Would you transcribe the entries below, beginning at the line with "Kirchenturm der Kirche in Vukovar (Kroatien)" and ending after the line with "Urban Pitcher Vase", exactly, with no picture and nothing more?

─── EXERCISE INPUTS

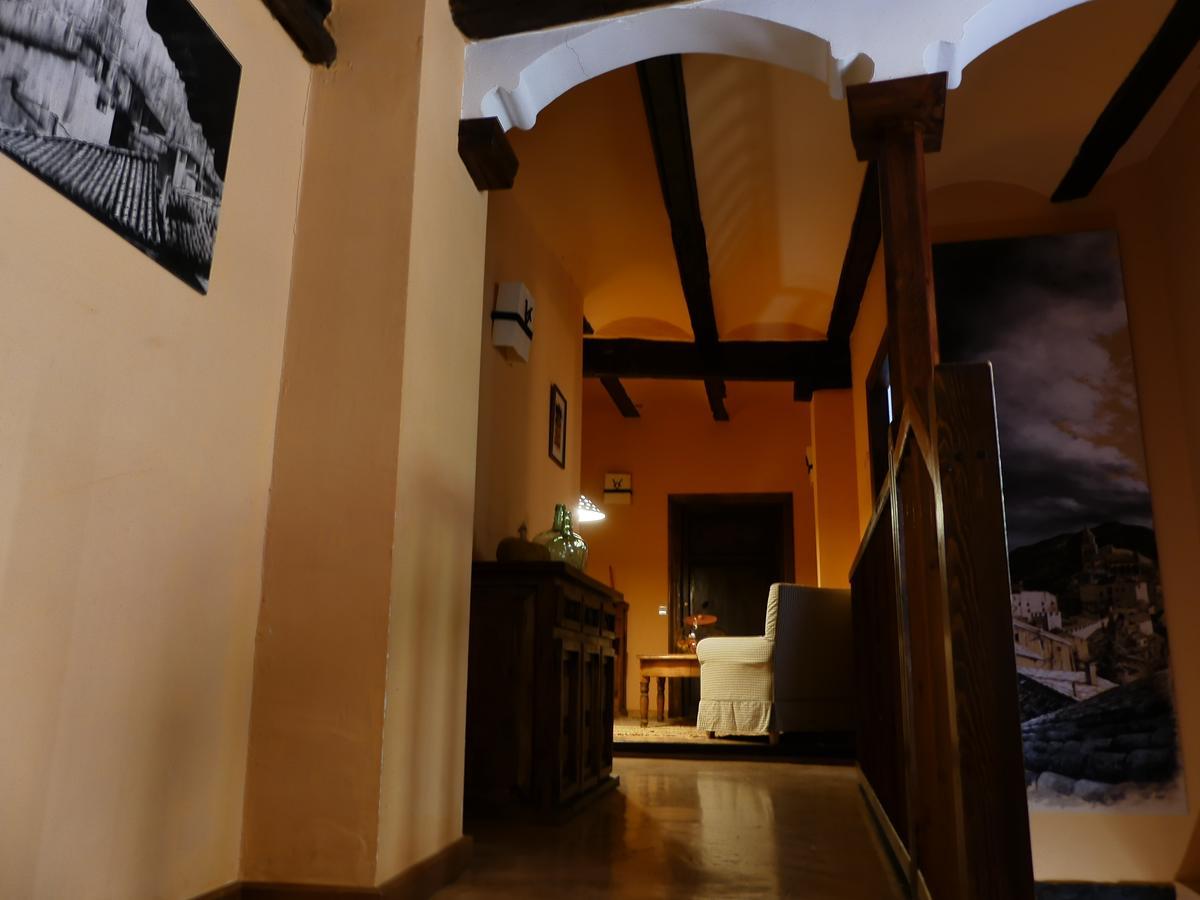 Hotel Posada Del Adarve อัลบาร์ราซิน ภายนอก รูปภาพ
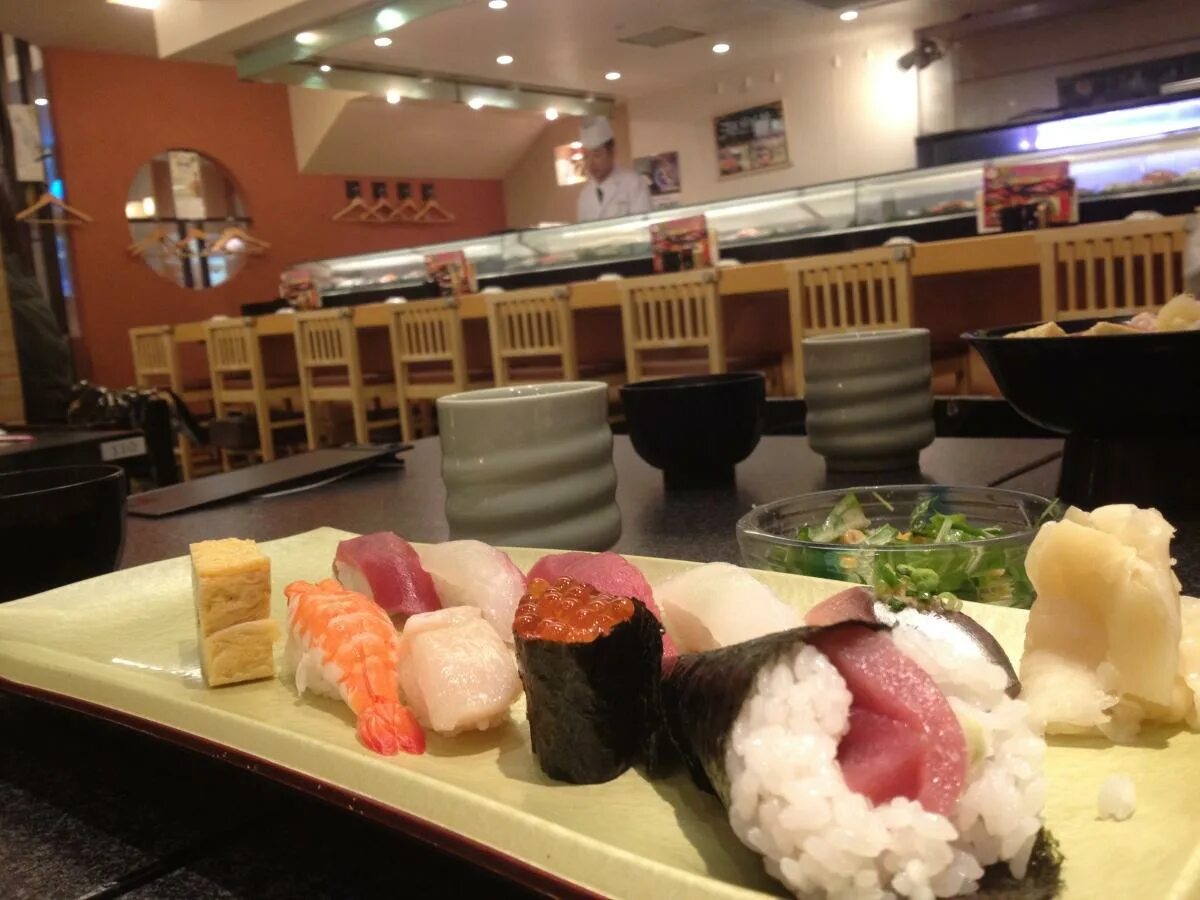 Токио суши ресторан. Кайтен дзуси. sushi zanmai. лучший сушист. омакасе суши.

──────
─── EXERCISE INPUTS

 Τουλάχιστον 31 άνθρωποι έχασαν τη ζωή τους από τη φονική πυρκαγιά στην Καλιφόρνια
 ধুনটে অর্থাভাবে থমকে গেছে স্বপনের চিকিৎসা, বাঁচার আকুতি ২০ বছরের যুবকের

──────
─── EXERCISE INPUTS

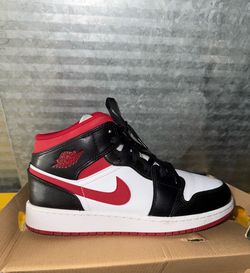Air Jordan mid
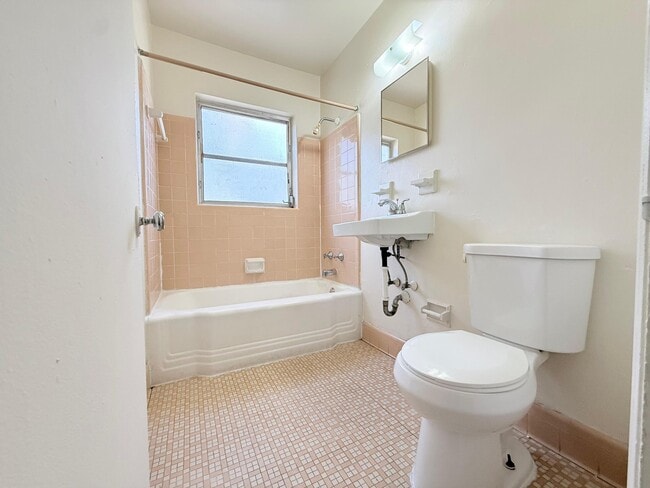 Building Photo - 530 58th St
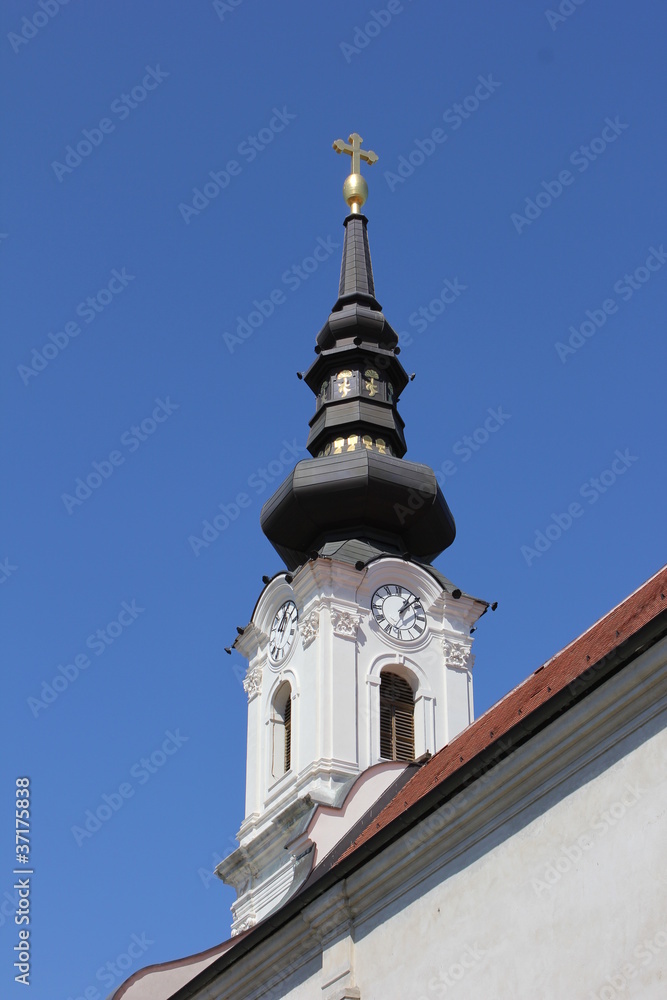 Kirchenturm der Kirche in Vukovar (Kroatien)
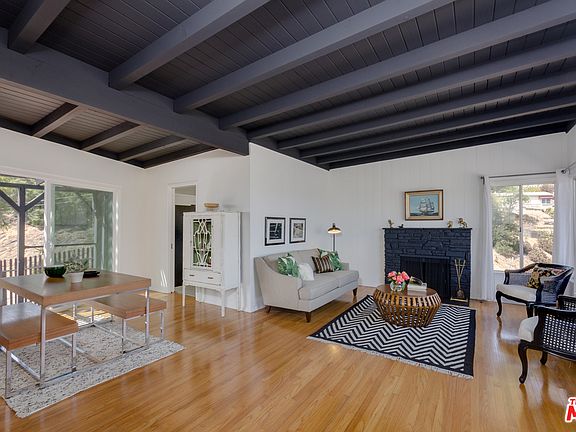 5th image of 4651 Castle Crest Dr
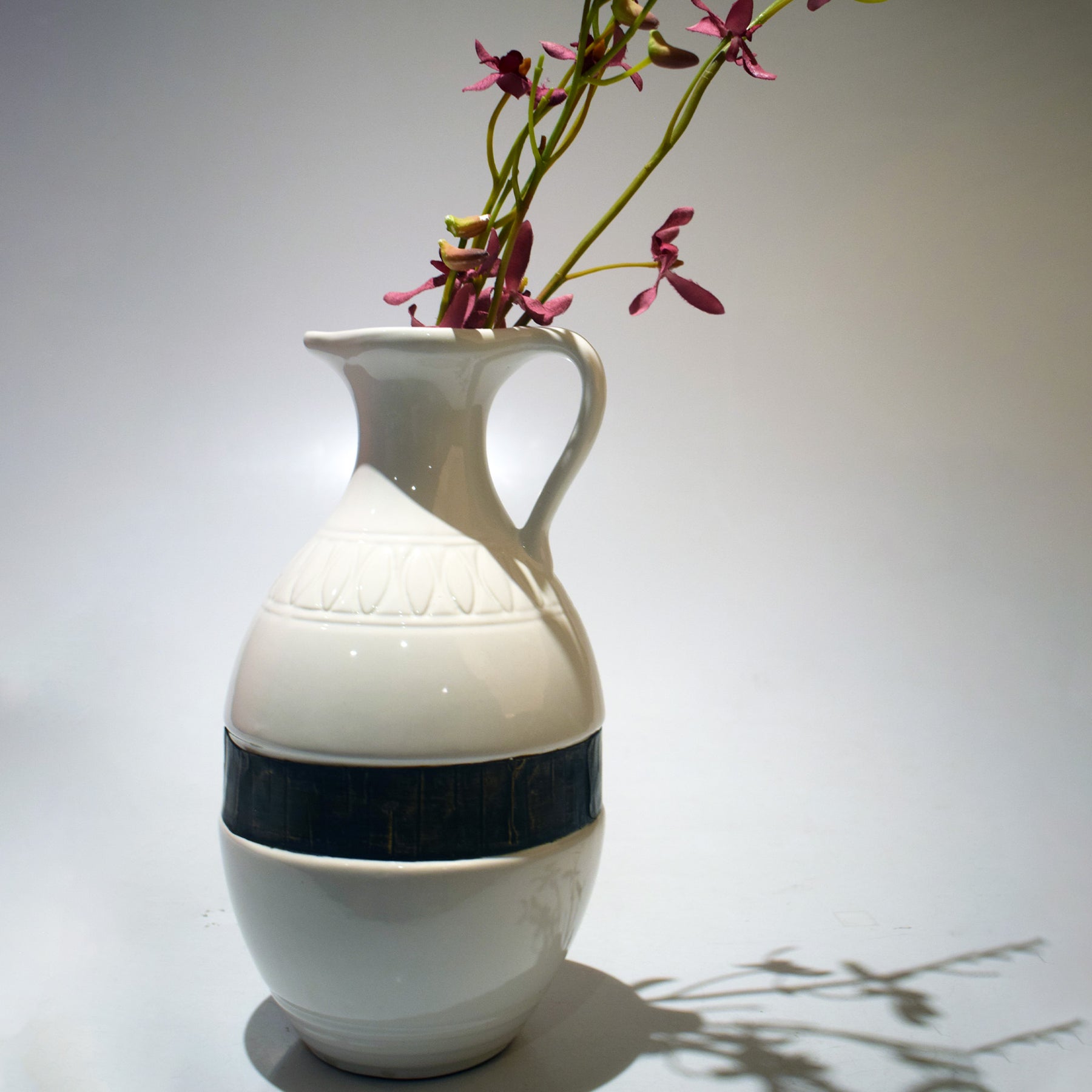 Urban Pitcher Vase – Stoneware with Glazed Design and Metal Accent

──────

[YOUR SOLUTION]:
 Kirchenturm der Kirche in Vukovar (Kroatien)
 5th image of 4651 Castle Crest Dr
 Urban Pitcher Vase – Stoneware with Glazed Design and Metal Accent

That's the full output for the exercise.